Cuenta la ciudad de Toledo con una amplia y reconocida propuesta de restaurantes con una carta donde ese gran invento que es el menú del día representa la estrella indiscutible de todos ellos. Un fulgor bien distinto al de otras constelaciones con nombre neumático. Bares de barrio generalmente alejados del trasiego turístico, con precios asequibles y fijos durante los siete días de la semana, donde es difícil encontrar un mal menú del día. Locales de tradición familiar en muchos casos en los que la comanda se describe con claridad, sin la grandilocuencia en su definición que tienen los cursis, y con hartura a la hora de llenar el plato. Un menú de consumo frecuente entre solitarios y otras tribus urbanas, del que también participo con asiduidad, que por unas cosas u otras acudimos cada día a degustar. Una rutina que nos permite elegir entre cuatro o cinco primeros y otros tantos segundos más bebida y postre, café aparte.
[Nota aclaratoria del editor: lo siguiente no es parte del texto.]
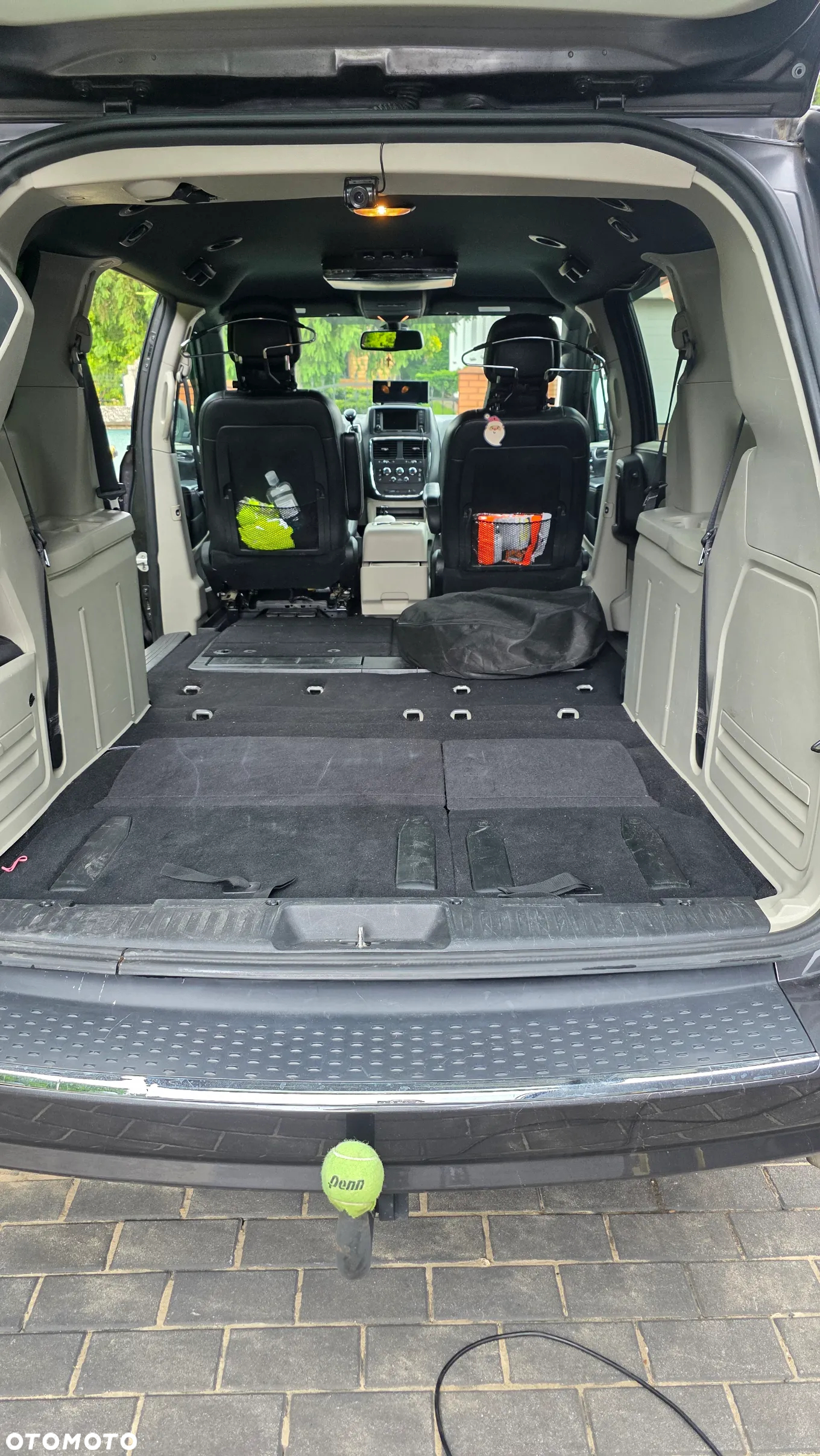 Dodge Grand Caravan - 12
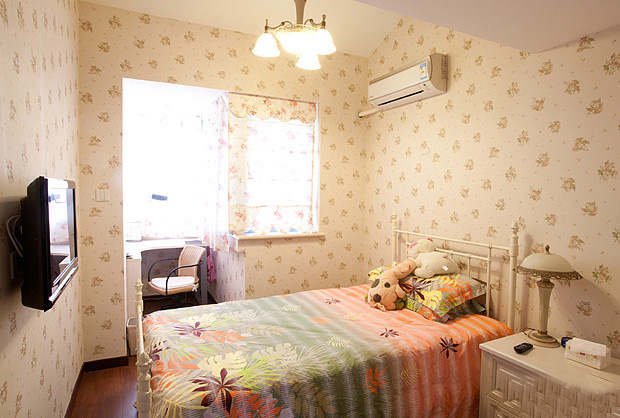 欧式风格一室一厅10平米卧室墙面壁纸软装效果图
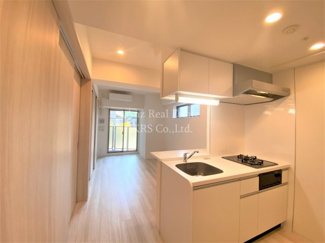 【居間・リビング】 | アーバネックス西本町 | 白を基調とした洗練されたお部屋！カウンターキッチン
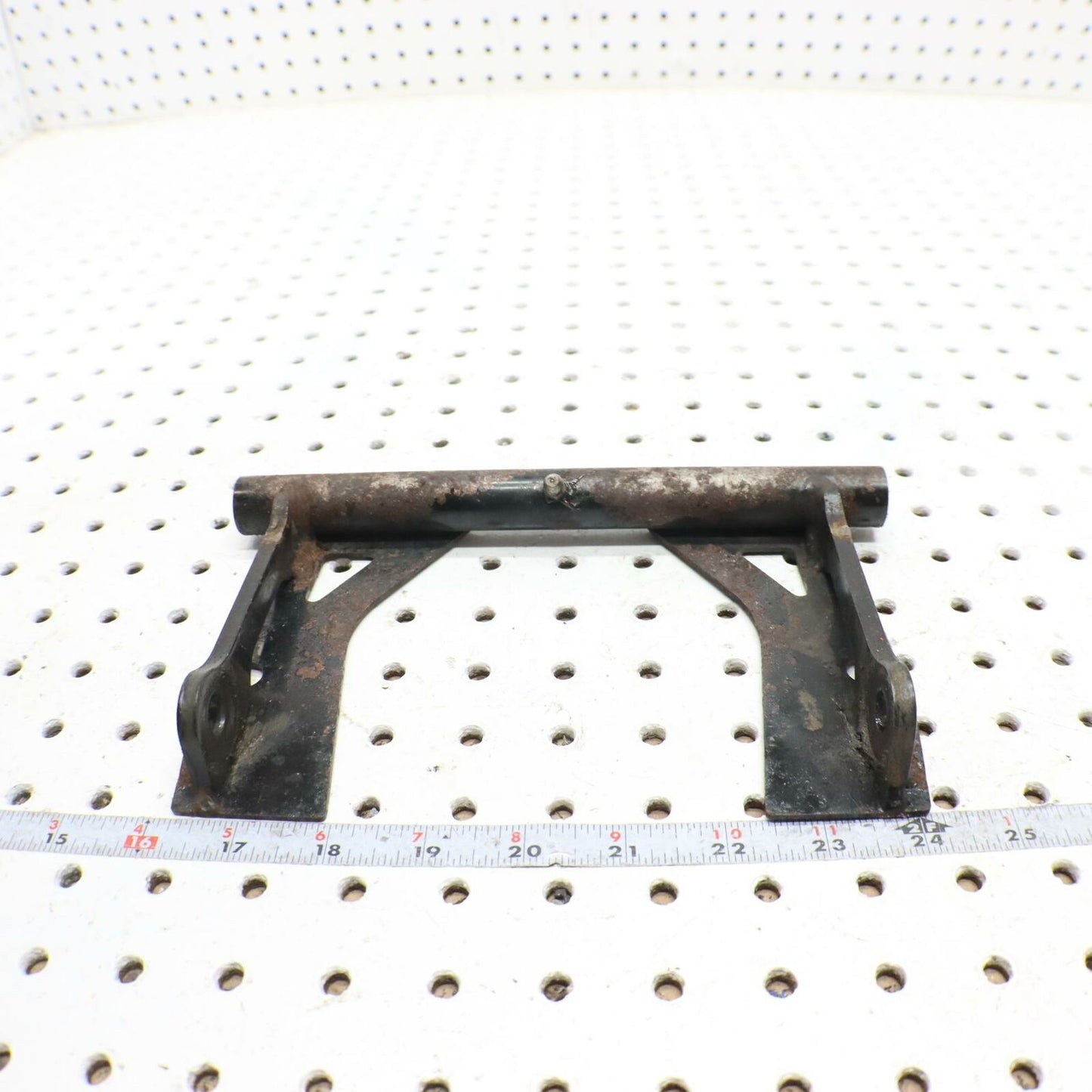 2015 ARCTIC CAT XF 6000 REAR SUSPENSION REAR PIVOT ARM 2704-389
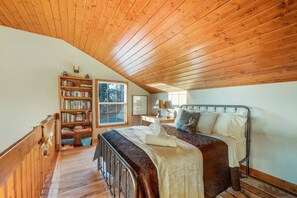 3 bedrooms, iron/ironing board, WiFi, bed sheets - Monroe Retreat with Mountain Views & Fire Pit! (Monroe)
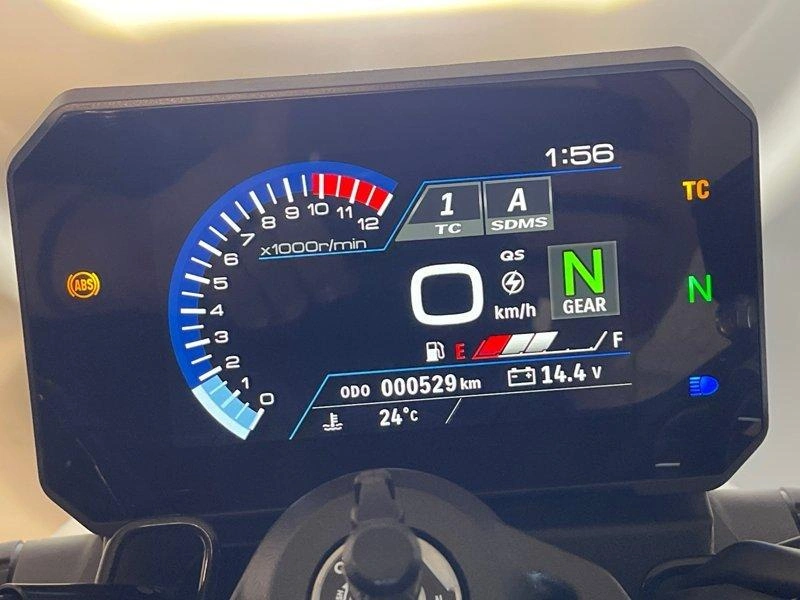 2025 Suzuki Gsx-8s alt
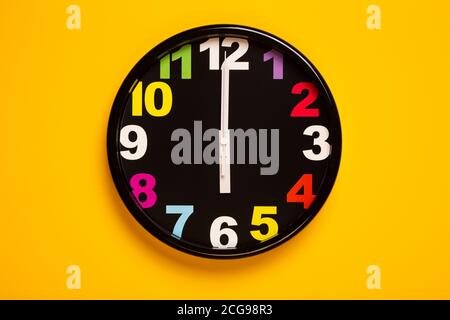 orologio da parete colorato spettacolo sei Foto Stock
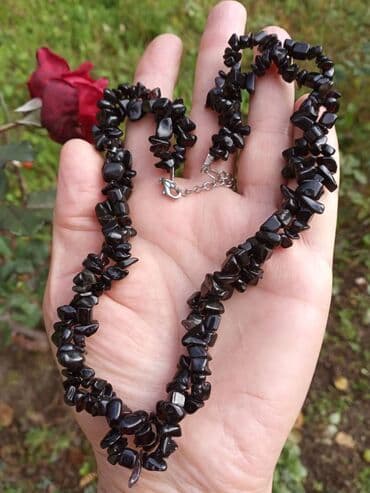 Ogrlica Oniks Ogrlica od Oniksa, poludragi kamen. Dužina-obim oko — 2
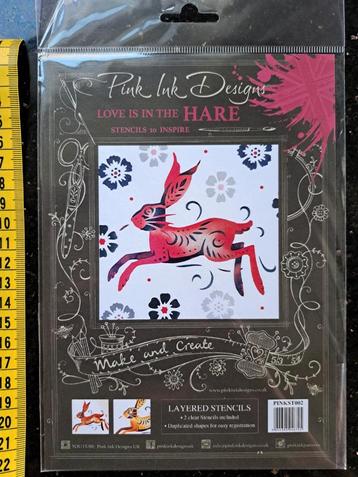 PINK INK DESIGN STENCIL MASK SJABLOON love is in the hare  beschikbaar voor biedingen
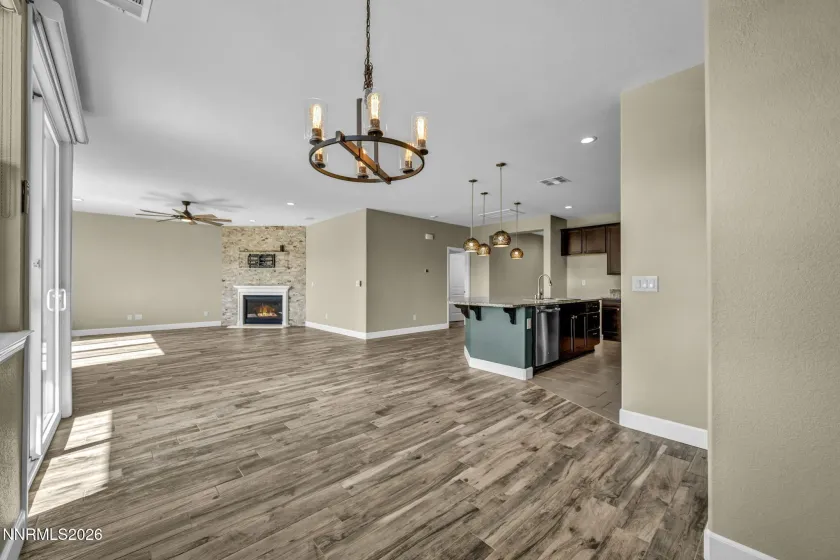812 Spooner, Sparks, Nevada 89441, 4 Bedrooms Bedrooms, ,3 BathroomsBathrooms,Residential,Residential,Spooner,0,260008630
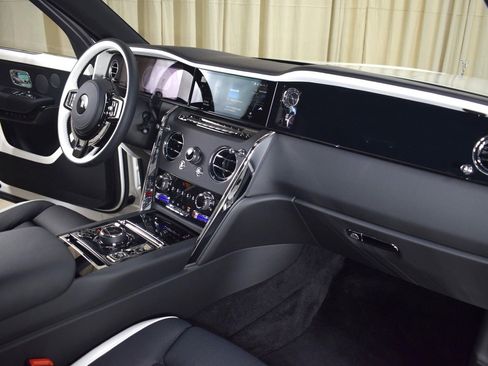 New 2026 Rolls-Royce Cullinan AWD/4WD image 26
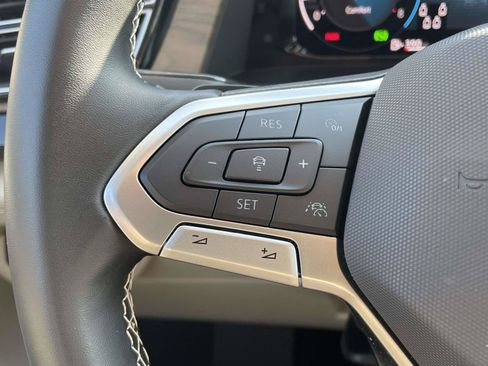 Certified 2026 Volkswagen Atlas SE w/ Panoramic Sunroof Package FWD image 19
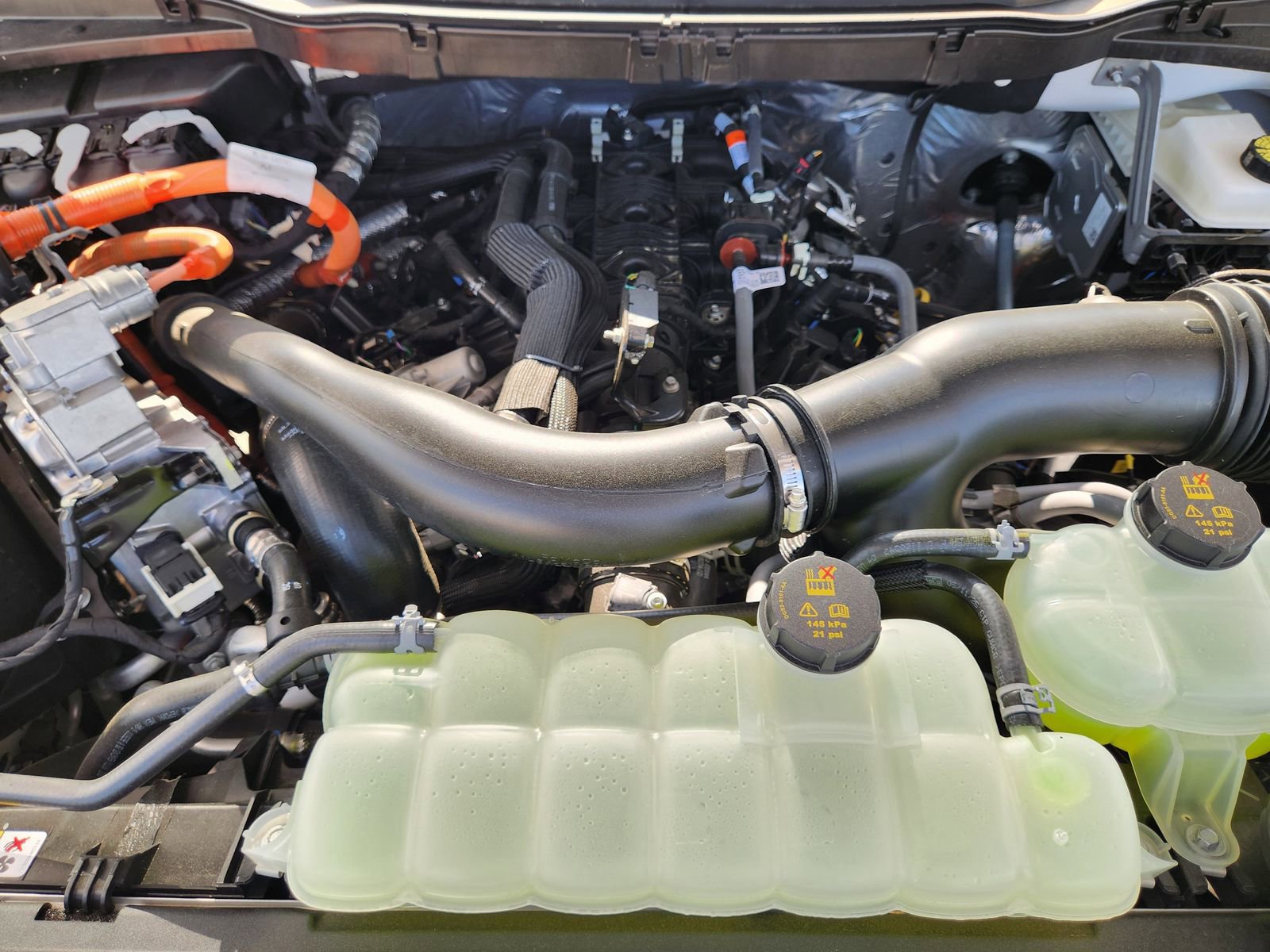 New 2025 Ford F150 Lariat w/ Equipment Group 502A High image 26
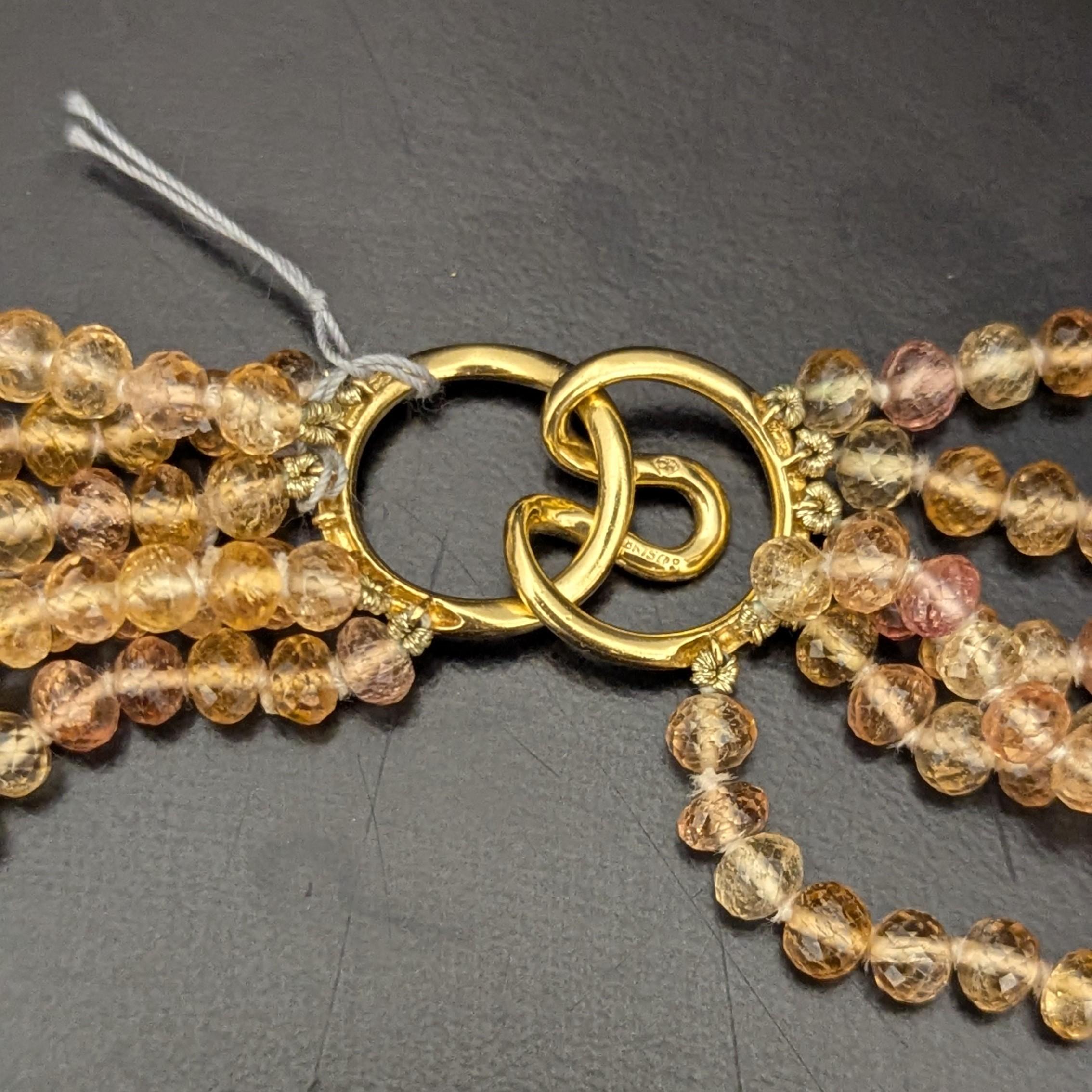 Collier torsadé à plusieurs rangs de perles de topaze dorée avec fermoir en or jaune 18 carats Pour femmes en vente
Paella, bistec, macarrones, carcamusas, ensaladas, boquerones… (oído cocina), la gastronomía más asequible y cercana ofrecida por tantos bares y dada a conocer a través de una carta enganchada en la puerta. Una de las elecciones cotidianas en día laborable más común y democrática de este país y una de las páginas de la biblia gastronómica popular más consultada.
Un ritual que configura un escenario variopinto repleto de solitarios, operarios con el nombre de su empresa a la espalda del mono, turistas con la guía trotamundos, u oficinistas con traje de los domingos. Un compendio de supuestos protagonistas que desde su mesa en el comedor, cubierta con primoroso mantel de celulosa, se entretienen cavilando y mascando trozos de pan hasta la llegada del camarero con la comanda. Una fauna humana de manos rudas algunos que entre plato y plato husmean mirando en silencio la pantalla del celular, o la de la tele por la que desfilan incesantes y ruidosos políticos, artistas, deportistas, o famosillos de tres al cuarto que viven del cuento. Sin duda, la mejor forma de palpar el mundo que les rodea sin necesidad de levantarse de la mesa.
Una degustación que concluye con el pago de una factura cuyo importe se conoce de antemano. Una rutina que se repite cada día laborable, y que ha dejado de lado aquellas animosas sobremesas de hace tan sólo unos años con anís, coñac o farias mediante. Una retirada hasta el día siguiente para después continuar con la faena, dormir la siesta o reflexionar ya fuera fumando sobre lo acontecido en la jornada. También para dejar listo el establecimiento a la siguiente sesión. La del atardecer, la que da paso a otros protagonistas que ocupan el bareto con idéntica fidelidad y avidez. Bebedores solitarios o en compañía, alguno de ellos repetidores del mediodía que, como nos recuerdan Gabinete Caligari, tienen en el calor de la barra del bar su lugar grato para conversar.